Reputation: 85
I'm trying to select records from one table based on whether an item in a repeated field is located in a column in another table. I've been able to do this when explicitly listing the items I am testing for in my code, but not when selecting from another table. Let me demonstrate using the trigrams dataset:
Let's say that I wanted to select all records that had an appearance during certain years. But I don't just want just the data from those years - I want all the data associated with those records. If I just wanted the data for a few years I could do something like this (and this works):
SELECT ngram, first, second, third, fourth, fifth, cell.value, cell.volume_count,
SOME(cell.value in ('1800', '1801')) WITHIN RECORD AS valid
FROM [publicdata:samples.trigrams]
HAVING valid
However, instead of coding '1800' and '1801' into my query, I have a table years
that contains a set of years I am interested in. I would like this to work:
SELECT ngram, first, second, third, fourth, fifth, cell.value, cell.volume_count,
SOME(cell.value in (SELECT year_as_str FROM [mydataset.years])) WITHIN RECORD AS valid
FROM [publicdata:samples.trigrams]
HAVING valid
This doesn't work because bigquery requires that semi-joins be part of a WHERE
or HAVING
clause.
So I try to rearrange (back to the first query):
SELECT ngram, first, second, third, fourth, fifth, cell.value, cell.volume_count
FROM [publicdata:samples.trigrams]
HAVING SOME(cell.value in ('1801', '1802')) WITHIN RECORD
This results in an error Encountered " "WITHIN" "WITHIN "" ... Was expecting <EOF>
So now without the WITHIN RECORD
:
SELECT ngram, first, second, third, fourth, fifth, cell.value, cell.volume_count
FROM [publicdata:samples.trigrams]
HAVING SOME(cell.value in ('1801', '1802'))

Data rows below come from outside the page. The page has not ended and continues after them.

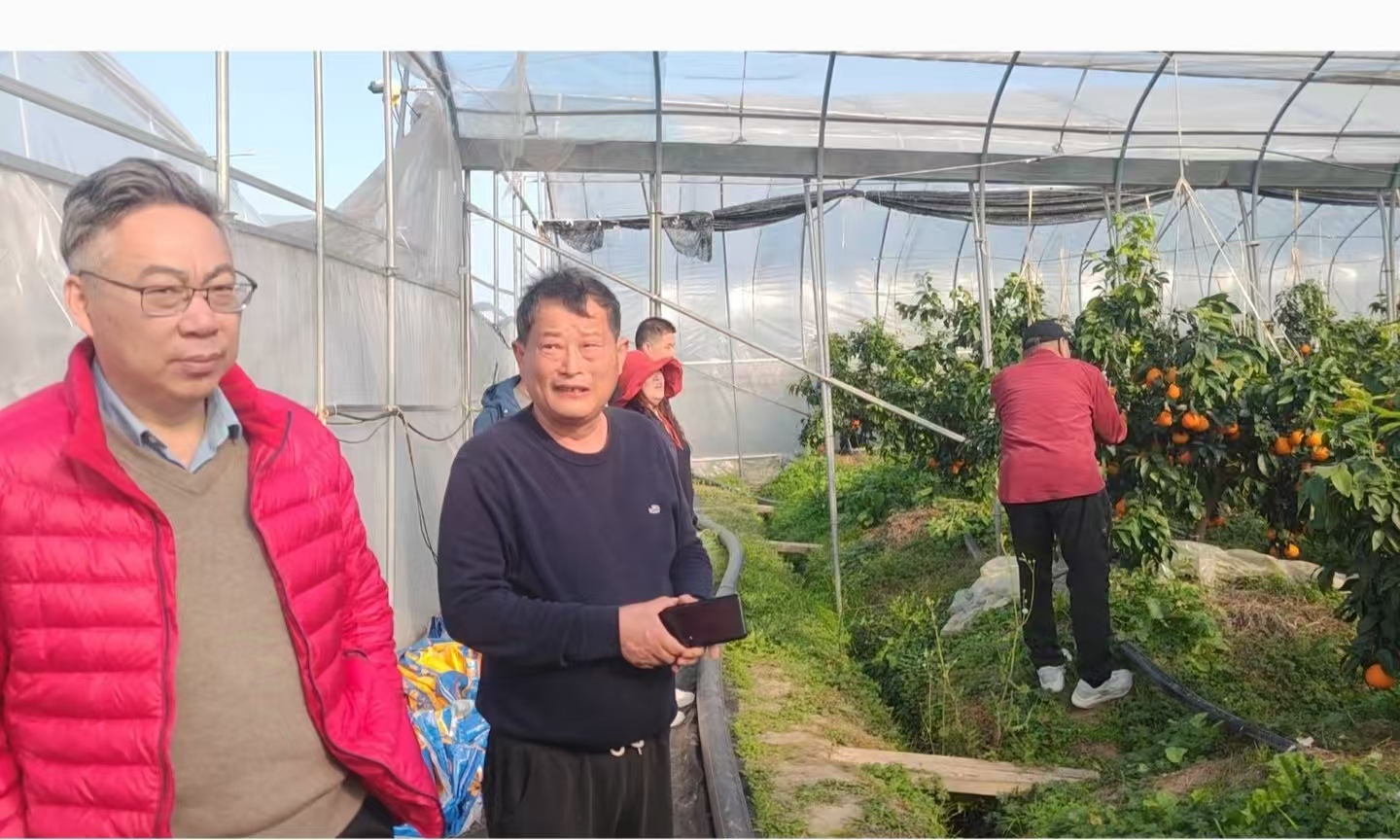 1733223531791784.jpg 1733223531791784.jpg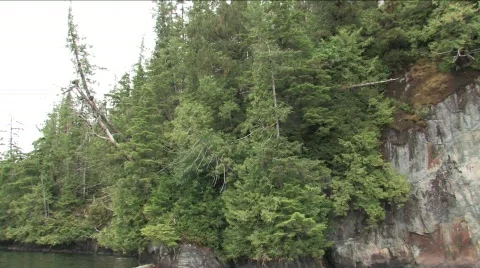  Eagle taking fish from water Stock Footage 199729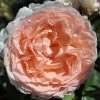 Bliss Parfuma® Hybrid Tea Rose -Botanical Bliss v2202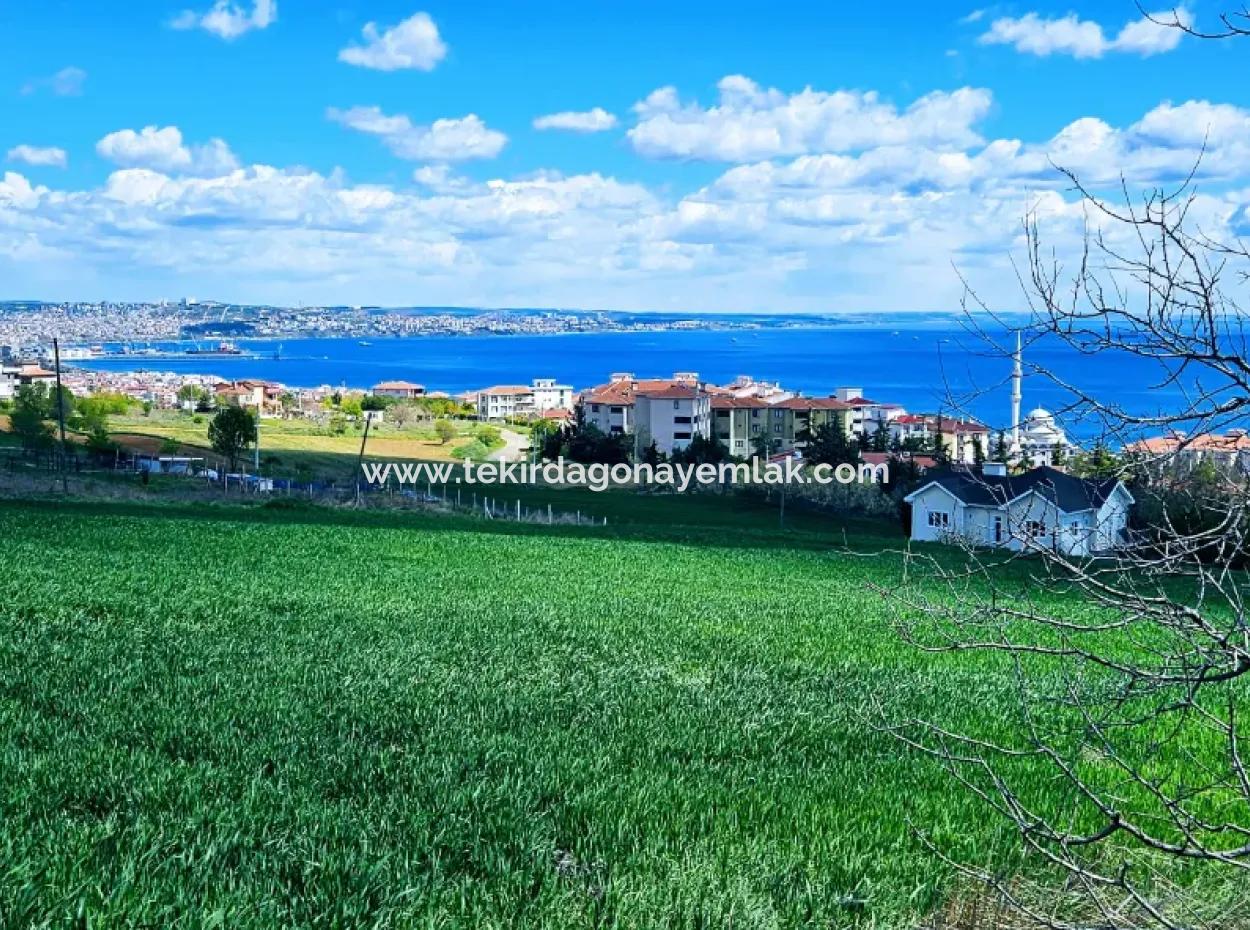 Wonderful Sea And Nature View Or Cooperative. Whether You Want To Build A Luxury Villa. 40 Flats 6.400 Residential Zoned Land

This results in an error SELECT clause has mix of aggregations '...' and fields '...' without GROUP BY clause
But I'm not aggregating! So now I move the filter into a WHERE
:
SELECT ngram, first, second, third, fourth, fifth, cell.value, cell.volume_count
FROM [publicdata:samples.trigrams]
WHERE SOME(cell.value in ('1801', '1802'))
And this tells me that Invalid function name: SOME
. What?!
Is there a way to get the behavior I am looking for with BigQuery?
Upvotes: 1
Views: 574
Reputation: 3251
You can use the OMIT RECORD IF
clause for this. This may require double negation, since you need to omit records that meet some condition. The following query should work:
SELECT ngram, first, second, third, fourth, fifth, cell.value, cell.volume_count
FROM [publicdata:samples.trigrams]
OMIT RECORD IF EVERY(cell.value NOT IN ('1801', '1802'))
Upvotes: 0
Reputation: 173046
Below solves your example and I hope you will be able to extend it to your real use case (if you will like solution)
SELECT
ngram, cell.value, cell.volume_count,
cell.volume_fraction, cell.page_count, cell.match_count
FROM [publicdata:samples.trigrams] AS trigrams
JOIN (
SELECT ngram AS qualified
FROM (
FLATTEN((SELECT ngram, cell.value AS value
FROM (FLATTEN([publicdata:samples.trigrams], cell.value))), value)
) AS t
JOIN [mydataset.years] AS y
ON y.year_as_str = t.value
GROUP BY 1
) AS valid
ON valid.qualified = trigrams.ngram
Please pay attention to the fact that in [publicdata:samples.trigrams]
the field cell.value
is REPEATED STRING
- that is why you see "extra" FLATTEN things
Upvotes: 1